The Q&A “transcript” below documents a recent conversation Dave and I had by phone about sand market trends. There’s no shortage of hot takes here! More importantly, Dave addresses the future of frac sand and the industry’s current struggle for sustainability in a thought-provoking way. And if you would like to hear more from Dave and others on the front-lines of the quest for frac sand sustainability, he’ll be on the opening panel with me at the Petroleum Connection’s Frac Sand Industry Update event in Houston about a month from now (check out the preliminary agenda and register here).
Hot Takes On Frac Sand’s Sustainability Struggle From A 30+ Year Veteran
Dave Frattaroli
December 20, 2019
Infill Thinking: The frac sand business seems to have lost its way… how are you dealing with the fall-out sweeping the industry since you lead business development efforts for a large Permian local sand operation?
Dave Frattaroli: “Having been through this so many times, I have a simple plan for how to deal with it. Just lay low. I’m not talking about being lazy but be very conscious of your customer’s predicament in everything you do. Be very efficient and careful in your preparation for every call and discussion. If you don’t have anything nice or important to say, don’t say anything at all. An old-school European sand salesman told me once during another downcycle in the glass industry in the past: ‘in times like this, don’t make the unnecessary sales call… if you do, they’ll be forced to ask for a concession that you don’t want to give and they don’t want to ask for.’ That was from a guy who’d seen it all from way back when.

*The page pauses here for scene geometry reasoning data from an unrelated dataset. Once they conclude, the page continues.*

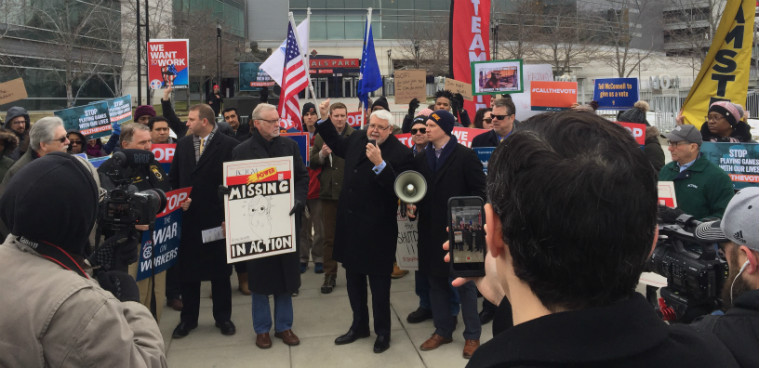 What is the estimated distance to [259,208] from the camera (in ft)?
18.4

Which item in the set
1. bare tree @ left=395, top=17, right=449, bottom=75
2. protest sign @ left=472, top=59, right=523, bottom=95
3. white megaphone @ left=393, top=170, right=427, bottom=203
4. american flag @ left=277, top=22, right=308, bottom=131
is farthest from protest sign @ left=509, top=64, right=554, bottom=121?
bare tree @ left=395, top=17, right=449, bottom=75

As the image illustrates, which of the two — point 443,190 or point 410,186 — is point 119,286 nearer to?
point 410,186

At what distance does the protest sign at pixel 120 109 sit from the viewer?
1020 centimetres

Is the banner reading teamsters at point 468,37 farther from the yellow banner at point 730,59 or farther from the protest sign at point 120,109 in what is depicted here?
the protest sign at point 120,109

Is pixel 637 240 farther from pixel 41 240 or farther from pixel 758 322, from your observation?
pixel 41 240

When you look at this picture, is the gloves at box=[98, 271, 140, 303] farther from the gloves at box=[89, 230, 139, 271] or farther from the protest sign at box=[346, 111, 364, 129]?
the protest sign at box=[346, 111, 364, 129]

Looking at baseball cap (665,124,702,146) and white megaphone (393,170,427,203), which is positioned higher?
baseball cap (665,124,702,146)

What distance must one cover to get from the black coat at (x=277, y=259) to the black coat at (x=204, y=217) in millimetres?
270

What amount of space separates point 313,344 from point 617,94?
816cm

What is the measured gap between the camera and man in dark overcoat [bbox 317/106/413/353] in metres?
5.54

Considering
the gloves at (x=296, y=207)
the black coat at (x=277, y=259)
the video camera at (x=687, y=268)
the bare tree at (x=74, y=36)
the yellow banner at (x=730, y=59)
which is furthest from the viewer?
the bare tree at (x=74, y=36)

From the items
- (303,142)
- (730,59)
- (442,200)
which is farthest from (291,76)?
(730,59)

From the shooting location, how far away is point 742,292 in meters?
2.04

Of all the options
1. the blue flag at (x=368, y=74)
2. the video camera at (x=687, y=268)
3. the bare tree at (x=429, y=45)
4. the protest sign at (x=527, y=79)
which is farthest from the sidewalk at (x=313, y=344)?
the bare tree at (x=429, y=45) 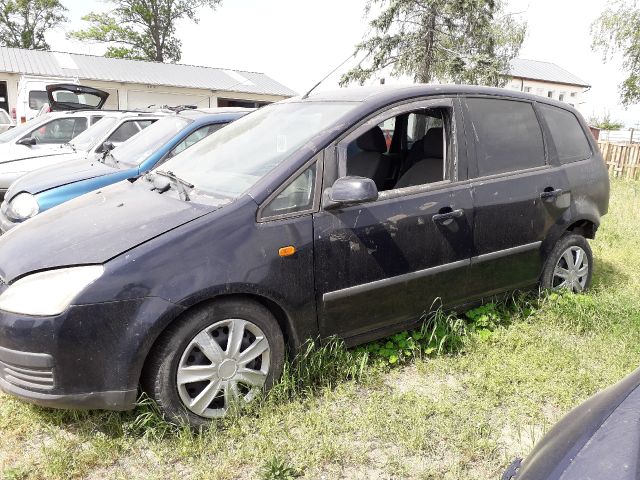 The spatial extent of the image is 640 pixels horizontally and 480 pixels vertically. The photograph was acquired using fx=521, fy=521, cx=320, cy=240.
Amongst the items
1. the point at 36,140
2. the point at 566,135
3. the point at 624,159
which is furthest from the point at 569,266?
the point at 624,159

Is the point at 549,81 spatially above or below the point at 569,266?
above

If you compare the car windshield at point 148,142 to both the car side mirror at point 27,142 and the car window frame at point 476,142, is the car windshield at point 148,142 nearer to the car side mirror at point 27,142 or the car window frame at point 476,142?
the car side mirror at point 27,142

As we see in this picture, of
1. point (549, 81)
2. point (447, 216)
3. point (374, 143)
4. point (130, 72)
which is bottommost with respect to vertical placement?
point (447, 216)

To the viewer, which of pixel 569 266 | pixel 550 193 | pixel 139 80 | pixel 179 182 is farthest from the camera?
pixel 139 80

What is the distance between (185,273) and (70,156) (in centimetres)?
529

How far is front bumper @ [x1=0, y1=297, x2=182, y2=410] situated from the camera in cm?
228

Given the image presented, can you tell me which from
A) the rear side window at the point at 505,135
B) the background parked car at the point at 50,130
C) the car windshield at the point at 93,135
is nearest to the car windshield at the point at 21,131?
the background parked car at the point at 50,130

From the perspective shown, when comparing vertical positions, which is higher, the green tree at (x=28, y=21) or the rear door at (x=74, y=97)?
the green tree at (x=28, y=21)

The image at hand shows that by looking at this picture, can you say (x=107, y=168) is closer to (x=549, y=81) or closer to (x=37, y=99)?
(x=37, y=99)

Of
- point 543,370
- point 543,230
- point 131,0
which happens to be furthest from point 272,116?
point 131,0

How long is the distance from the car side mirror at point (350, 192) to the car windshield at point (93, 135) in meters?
5.57

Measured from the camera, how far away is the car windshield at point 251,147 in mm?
2947

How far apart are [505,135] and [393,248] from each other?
1349 millimetres

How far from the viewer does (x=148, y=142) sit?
5.77 metres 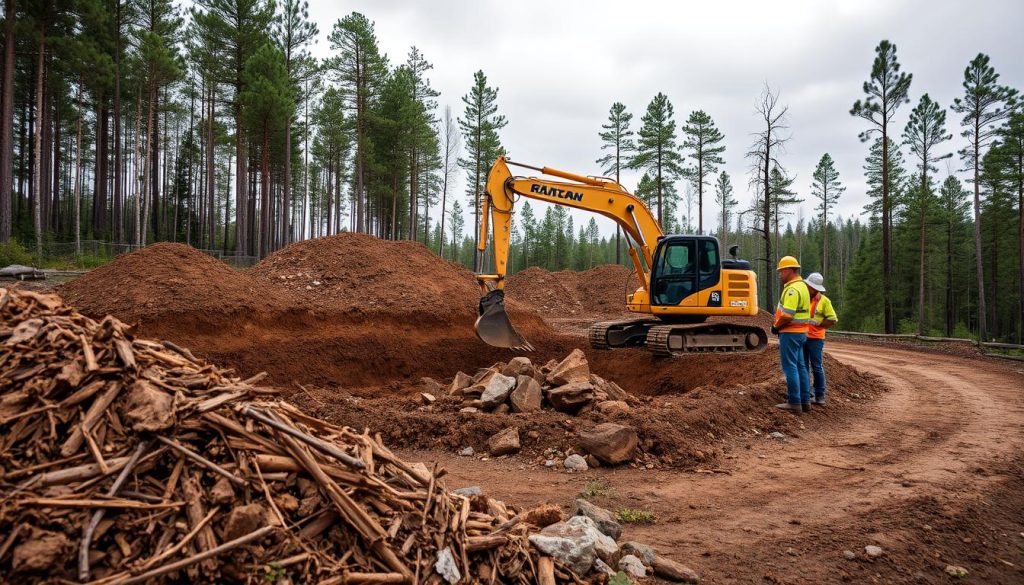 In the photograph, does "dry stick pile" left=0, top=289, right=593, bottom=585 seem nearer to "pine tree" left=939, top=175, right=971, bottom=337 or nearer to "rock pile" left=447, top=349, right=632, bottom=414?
"rock pile" left=447, top=349, right=632, bottom=414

So, it makes sense not to push it right now. Some desperate people have lost sight of the value of a relationship. They’ve lost sight of the value of sand and its critical role in low cost US shale development. You have to pay attention to what your customer wants in times like these, rather than pushing hard to make the sale. Talk to them, visit them in person, keep the relationship strong, ask how you can help, but don’t try and force a deal.”
Infill Thinking: In all sorts of markets, not just sand, price paid can disconnect from value. I suspect that’s what happening in sand today since sand is an essential ingredient in the frac recipe yet being sold at no or even negative margins in some cases. What do you think is the fair value of frac sand going forward?

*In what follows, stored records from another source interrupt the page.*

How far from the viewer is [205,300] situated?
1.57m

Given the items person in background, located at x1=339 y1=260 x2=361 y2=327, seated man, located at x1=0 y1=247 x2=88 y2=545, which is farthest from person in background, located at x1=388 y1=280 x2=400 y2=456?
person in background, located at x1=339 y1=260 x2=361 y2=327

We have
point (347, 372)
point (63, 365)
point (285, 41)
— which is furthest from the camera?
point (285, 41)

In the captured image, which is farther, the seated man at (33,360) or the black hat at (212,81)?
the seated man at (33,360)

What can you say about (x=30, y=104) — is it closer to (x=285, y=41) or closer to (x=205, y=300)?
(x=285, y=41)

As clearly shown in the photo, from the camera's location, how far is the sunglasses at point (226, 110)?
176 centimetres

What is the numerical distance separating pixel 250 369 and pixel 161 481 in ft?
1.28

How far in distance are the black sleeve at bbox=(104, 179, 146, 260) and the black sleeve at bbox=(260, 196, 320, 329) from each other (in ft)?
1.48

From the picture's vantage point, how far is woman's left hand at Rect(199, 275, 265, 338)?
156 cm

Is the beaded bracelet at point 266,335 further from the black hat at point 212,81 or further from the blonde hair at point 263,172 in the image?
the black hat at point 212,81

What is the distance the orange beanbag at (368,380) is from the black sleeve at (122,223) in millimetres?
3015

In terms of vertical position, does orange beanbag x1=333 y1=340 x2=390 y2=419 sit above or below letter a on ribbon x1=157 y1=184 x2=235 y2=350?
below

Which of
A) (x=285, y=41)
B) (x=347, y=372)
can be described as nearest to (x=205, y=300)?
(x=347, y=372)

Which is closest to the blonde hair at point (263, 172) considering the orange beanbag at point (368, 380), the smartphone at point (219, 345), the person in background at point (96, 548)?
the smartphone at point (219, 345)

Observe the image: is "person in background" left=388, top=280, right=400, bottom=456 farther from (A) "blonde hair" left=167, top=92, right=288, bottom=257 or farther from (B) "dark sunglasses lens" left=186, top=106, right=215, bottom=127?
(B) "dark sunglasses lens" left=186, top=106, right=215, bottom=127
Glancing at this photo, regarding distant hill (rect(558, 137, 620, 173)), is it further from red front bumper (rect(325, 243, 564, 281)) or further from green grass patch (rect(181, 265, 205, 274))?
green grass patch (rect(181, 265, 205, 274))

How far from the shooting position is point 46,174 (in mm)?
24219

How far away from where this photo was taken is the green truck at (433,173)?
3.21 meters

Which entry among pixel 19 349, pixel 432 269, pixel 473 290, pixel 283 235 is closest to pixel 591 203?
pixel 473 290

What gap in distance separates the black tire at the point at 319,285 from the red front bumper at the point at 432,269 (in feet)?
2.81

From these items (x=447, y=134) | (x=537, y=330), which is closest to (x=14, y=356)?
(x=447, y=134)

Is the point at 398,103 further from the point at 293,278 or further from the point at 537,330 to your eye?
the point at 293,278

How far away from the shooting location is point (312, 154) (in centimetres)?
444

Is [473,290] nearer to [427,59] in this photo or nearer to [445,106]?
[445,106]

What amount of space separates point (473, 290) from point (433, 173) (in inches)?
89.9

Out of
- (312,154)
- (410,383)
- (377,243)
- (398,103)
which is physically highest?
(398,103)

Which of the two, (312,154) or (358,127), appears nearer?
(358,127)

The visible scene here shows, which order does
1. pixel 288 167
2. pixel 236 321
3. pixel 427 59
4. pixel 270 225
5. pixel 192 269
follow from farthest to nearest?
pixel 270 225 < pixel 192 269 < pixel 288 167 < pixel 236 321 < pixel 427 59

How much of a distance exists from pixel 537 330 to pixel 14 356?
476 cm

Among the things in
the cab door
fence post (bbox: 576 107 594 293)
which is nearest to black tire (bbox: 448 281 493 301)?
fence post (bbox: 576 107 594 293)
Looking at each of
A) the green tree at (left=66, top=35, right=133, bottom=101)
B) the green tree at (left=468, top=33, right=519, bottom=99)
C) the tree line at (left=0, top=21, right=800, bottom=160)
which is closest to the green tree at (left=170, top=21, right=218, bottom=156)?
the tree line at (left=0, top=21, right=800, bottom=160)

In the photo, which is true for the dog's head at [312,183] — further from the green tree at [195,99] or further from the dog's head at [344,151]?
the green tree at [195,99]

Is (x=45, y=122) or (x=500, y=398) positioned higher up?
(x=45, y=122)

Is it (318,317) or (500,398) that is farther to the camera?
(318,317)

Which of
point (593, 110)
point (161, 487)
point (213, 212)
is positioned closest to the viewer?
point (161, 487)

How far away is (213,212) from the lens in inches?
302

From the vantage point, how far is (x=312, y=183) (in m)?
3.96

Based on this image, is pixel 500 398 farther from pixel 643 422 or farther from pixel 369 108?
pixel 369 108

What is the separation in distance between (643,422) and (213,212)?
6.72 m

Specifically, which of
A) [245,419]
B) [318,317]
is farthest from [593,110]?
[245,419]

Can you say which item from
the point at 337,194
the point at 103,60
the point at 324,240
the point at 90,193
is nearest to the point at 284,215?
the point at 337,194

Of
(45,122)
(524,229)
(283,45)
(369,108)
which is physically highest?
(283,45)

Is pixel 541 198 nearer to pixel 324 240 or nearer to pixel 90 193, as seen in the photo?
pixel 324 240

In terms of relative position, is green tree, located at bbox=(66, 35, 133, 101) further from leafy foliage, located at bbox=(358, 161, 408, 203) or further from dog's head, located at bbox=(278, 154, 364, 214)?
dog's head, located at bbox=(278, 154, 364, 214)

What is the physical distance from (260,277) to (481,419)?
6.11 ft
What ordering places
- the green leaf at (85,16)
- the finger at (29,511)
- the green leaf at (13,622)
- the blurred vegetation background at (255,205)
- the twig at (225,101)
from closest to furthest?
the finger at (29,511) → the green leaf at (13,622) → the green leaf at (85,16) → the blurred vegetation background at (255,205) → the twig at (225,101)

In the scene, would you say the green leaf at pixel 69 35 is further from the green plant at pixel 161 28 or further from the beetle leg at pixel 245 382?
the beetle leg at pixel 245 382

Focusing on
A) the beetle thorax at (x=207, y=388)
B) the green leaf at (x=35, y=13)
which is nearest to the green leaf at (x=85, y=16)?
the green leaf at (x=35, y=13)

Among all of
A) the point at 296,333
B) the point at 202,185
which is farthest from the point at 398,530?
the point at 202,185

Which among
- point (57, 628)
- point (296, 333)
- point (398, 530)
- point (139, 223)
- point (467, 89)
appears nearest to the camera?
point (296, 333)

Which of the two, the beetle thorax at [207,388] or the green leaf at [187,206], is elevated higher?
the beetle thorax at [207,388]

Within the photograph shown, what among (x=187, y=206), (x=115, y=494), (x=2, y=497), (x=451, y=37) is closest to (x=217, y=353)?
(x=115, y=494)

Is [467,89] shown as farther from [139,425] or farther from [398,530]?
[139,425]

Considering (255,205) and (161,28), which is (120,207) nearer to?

Dave Frattaroli: “Surprise, it’s not a number, this despite the desire of everyone to see a number in today’s world of public frac sand companies. Oil and gas production through horizontal drilling and hydraulic fracturing is impossible without sand. So the value should be a measure of sand’s contribution to low cost shale development. That must be determined by the E&P, pressure pumper, logistics provider and sand producer in concert. The innovative removal of rail/transloading freight costs by in-basin Permian sand has driven the majority of realized well cost reductions in the Permian. However, the oversupply of sand has played right into the hands of some inefficient customers who demand even more cost savings to stay alive. Some of the most sophisticated pressure pumpers and operators in today’s sand market understand the need to put value on supplier service quality. These buyers demand a very high level of service, continuity and uptime accompanying the proppant they buy and pump. So you’d better be ready when you work for them. Right now, pricing isn’t fair – it’s been driven down unsustainably. And sand has more value than price suggests because without it you can’t produce oil & gas.”
Infill Thinking: How will the frac sand niche find its footing and how can we make the supply stack a sustainable business again?
Dave Frattaroli: “Even the richest of fools who are prepared to lose money for a while can’t sell below cost and make a viable business of it. You’ll end up with tired people, quality will cave, and what about safety? Even the lowest cost producers simply can’t maintain high quality operations and products when prices trend below cost. Producers will start to ask people to work more for less, and sooner or later, it’s a recipe for disaster. Service, product and training quality will all begin to suffer. Capacity is and will continue to go away until the market balances. E&P, pressure pumper and sand suppliers need to work together to arrive at sustainable market conditions because with the current completion technology, you cannot make oil and gas without sand.”
Infill Thinking: Do you think customers understand the risk of sand supplier operations becoming unstable in these business conditions?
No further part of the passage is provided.